2. Description of the Related Art
Electronic devices use different types of memories, such as DRAM, SRAM and flash memory or a combination based on application requirements, operating speed, memory size and cost considerations of the devices. Current new developments in the memory technology field include FeRAM, MRAM and phase change memory. Among these alternative memories, phase change memory is most likely to be mass-produced in the near future.

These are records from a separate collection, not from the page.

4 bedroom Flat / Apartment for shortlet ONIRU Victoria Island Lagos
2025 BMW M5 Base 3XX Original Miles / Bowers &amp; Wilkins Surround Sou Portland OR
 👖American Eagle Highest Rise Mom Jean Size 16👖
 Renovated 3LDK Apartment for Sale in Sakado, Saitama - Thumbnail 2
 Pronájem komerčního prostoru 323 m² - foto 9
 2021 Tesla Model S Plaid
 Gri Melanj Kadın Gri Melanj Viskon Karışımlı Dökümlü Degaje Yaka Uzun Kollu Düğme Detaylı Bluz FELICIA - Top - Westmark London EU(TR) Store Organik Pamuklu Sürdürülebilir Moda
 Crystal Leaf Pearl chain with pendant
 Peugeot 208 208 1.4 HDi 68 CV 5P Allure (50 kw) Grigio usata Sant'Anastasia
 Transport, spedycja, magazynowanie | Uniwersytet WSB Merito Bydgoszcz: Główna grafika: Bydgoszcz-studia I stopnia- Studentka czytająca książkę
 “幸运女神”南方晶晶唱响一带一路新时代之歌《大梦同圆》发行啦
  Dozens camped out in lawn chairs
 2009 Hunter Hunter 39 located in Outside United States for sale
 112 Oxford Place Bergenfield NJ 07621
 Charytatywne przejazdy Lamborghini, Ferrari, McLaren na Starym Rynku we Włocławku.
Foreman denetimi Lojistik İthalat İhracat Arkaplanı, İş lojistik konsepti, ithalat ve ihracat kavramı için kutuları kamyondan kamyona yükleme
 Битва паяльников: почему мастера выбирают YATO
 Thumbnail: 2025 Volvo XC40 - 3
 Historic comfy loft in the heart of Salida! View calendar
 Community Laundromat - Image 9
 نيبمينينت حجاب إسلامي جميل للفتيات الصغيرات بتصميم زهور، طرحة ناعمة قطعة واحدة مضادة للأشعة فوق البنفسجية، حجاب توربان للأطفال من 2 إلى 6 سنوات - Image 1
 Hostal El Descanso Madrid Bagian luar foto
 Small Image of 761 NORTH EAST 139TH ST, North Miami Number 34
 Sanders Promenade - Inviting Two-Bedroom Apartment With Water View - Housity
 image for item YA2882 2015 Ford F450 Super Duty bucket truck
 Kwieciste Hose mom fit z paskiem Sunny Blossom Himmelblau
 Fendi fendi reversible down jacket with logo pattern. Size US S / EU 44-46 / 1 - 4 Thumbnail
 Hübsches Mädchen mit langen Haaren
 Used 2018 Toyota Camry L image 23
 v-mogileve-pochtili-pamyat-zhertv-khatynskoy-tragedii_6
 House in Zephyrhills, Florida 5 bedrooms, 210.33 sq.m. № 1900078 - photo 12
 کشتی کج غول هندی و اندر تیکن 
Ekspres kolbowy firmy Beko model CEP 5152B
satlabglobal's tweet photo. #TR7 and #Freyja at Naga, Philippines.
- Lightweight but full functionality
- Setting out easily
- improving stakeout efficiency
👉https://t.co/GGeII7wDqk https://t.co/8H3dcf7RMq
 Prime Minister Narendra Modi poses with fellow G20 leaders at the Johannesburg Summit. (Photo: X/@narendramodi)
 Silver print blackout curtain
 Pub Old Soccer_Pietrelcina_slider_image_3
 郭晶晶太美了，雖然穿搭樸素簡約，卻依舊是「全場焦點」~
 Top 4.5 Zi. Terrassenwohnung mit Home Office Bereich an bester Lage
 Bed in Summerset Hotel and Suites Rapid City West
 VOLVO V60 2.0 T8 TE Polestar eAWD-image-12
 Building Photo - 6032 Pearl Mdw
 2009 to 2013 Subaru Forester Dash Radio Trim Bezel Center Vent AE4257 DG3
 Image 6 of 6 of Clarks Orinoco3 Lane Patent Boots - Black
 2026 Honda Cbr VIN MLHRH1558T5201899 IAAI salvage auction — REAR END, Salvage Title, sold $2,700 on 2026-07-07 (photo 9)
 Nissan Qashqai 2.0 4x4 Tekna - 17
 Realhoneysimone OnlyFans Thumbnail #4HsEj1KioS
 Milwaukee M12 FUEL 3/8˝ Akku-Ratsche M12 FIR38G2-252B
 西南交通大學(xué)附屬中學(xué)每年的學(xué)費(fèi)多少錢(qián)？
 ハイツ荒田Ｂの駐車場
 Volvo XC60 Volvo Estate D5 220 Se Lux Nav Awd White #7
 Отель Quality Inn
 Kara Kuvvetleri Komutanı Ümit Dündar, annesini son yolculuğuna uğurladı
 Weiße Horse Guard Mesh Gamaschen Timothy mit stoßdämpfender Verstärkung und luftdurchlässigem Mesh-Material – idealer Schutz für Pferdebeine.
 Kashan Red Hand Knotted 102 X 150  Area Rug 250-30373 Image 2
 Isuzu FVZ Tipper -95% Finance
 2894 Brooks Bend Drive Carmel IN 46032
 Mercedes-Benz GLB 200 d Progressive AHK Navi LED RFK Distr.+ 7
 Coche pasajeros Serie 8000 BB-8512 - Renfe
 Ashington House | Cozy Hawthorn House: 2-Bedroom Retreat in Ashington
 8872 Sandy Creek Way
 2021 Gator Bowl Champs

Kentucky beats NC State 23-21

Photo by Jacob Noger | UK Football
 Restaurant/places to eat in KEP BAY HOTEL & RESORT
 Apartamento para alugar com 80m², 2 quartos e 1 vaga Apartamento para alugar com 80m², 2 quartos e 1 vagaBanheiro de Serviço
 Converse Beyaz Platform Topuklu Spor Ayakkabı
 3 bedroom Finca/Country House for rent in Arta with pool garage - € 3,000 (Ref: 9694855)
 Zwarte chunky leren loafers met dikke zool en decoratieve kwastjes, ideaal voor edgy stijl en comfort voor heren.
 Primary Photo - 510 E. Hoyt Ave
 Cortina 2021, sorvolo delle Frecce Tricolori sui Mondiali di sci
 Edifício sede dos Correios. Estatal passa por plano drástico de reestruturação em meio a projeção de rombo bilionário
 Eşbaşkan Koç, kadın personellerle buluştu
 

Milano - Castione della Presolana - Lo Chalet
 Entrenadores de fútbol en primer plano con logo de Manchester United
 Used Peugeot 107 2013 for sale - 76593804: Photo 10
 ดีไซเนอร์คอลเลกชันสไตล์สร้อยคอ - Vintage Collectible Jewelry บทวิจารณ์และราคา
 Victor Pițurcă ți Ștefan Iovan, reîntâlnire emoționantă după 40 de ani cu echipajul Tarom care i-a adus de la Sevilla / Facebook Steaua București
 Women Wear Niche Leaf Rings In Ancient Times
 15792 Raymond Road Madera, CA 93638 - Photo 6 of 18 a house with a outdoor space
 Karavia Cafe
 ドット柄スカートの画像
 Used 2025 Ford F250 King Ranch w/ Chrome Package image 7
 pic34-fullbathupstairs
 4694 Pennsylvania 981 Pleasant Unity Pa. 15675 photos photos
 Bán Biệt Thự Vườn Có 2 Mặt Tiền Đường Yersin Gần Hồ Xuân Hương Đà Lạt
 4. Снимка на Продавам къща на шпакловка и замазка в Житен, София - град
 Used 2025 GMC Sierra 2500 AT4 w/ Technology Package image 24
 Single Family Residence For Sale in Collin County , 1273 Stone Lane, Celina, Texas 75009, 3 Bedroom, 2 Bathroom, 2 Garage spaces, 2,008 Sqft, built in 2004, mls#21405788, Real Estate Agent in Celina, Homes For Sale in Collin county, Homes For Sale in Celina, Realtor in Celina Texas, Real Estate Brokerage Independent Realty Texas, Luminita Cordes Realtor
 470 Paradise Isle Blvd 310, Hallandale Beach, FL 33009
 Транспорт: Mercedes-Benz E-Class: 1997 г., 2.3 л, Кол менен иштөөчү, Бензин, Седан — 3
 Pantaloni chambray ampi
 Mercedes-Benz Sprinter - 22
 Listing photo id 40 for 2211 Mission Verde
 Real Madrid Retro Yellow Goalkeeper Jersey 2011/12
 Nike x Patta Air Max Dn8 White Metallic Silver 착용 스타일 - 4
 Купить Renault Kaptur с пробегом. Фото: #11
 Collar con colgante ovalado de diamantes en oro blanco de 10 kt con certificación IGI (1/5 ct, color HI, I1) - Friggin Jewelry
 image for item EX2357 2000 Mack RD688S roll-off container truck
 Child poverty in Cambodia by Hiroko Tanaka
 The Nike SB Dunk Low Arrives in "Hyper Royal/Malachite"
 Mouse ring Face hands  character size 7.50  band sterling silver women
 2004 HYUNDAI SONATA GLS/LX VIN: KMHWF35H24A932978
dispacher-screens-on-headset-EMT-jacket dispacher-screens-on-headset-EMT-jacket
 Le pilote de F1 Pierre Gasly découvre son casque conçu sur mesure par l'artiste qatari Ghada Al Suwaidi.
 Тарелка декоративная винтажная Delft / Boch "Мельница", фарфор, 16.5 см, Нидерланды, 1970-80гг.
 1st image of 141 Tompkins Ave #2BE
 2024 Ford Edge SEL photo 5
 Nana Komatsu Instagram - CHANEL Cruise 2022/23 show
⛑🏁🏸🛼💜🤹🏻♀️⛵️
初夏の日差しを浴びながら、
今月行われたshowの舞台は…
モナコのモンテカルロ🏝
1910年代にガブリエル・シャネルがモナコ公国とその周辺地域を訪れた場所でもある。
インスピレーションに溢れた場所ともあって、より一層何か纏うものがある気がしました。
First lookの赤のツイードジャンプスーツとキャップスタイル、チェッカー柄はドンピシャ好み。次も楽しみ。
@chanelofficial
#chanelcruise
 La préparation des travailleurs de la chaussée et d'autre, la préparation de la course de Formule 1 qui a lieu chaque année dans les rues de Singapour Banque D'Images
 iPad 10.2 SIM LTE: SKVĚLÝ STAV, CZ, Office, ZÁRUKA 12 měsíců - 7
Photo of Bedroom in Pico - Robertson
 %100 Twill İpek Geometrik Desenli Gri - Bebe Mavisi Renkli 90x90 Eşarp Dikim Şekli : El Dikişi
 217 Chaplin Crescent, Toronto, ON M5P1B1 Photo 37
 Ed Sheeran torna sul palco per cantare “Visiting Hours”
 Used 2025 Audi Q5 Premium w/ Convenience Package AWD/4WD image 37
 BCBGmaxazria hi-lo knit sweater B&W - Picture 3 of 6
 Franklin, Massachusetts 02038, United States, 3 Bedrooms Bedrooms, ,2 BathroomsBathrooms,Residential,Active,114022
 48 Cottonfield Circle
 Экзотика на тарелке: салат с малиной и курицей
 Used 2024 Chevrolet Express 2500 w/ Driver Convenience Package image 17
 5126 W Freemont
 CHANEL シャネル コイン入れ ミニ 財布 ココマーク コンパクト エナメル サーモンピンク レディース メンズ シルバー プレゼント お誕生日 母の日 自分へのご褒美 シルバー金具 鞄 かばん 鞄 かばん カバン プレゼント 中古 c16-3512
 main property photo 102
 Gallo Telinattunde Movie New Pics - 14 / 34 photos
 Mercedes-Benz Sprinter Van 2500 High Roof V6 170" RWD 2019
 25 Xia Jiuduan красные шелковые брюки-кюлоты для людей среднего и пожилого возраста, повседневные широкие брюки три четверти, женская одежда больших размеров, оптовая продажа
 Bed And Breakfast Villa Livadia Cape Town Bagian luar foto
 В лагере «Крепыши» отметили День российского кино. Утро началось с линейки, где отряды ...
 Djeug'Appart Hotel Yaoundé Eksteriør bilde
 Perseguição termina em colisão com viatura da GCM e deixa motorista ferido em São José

Currently, a phase change memory cell is developed with several goals in mind: low programming current, higher reliability (including electromigration risk), and smaller cell size. To reduce the programming current, the most straightforward way is to shrink the heating area. A benefit of this strategy is simultaneous reduction of cell size. Yet, as CMOS elements become smaller, forming small contacts to the phase change layer pattern has generally become increasingly difficult. This difficulty arises because the reduction of design rules limit photolithography processes for defining contact images on photoresist layers. Furthermore, limitations to the photolithography process may decrease the flexibility of the phase change memory cell fabrication processes.
U.S. Pat. No. 7,119,353 discloses a phase change memory element 10, referring to FIG. 1, including a substrate 14, a CMOS 12 formed on the substrate 14, a dielectric layer 16, a metal plug 18, and a phase change memory cell 20. Particularly, the phase change memory cell 20 includes a phase change material layer 22, and a pair of electrodes 24 and 26. The CMOS 12 electrically contacts to the electrode 24 of the phase change memory cell 20 via the metal plug 18. Accordingly, the dimension of active area (phase change area) can be determined by the thickness of the phase change material layer 22. As shown in FIG. 1, the contact surface between the phase change material layer 22 and the metal plug 18, however, is limited by the diameter of the metal plug 18, thereby making it unable to increase the heating efficiency and reducing the programming current of the phase change memory cells.
Therefore, it is necessary to develop a phase change memory which mitigates the previously described problems.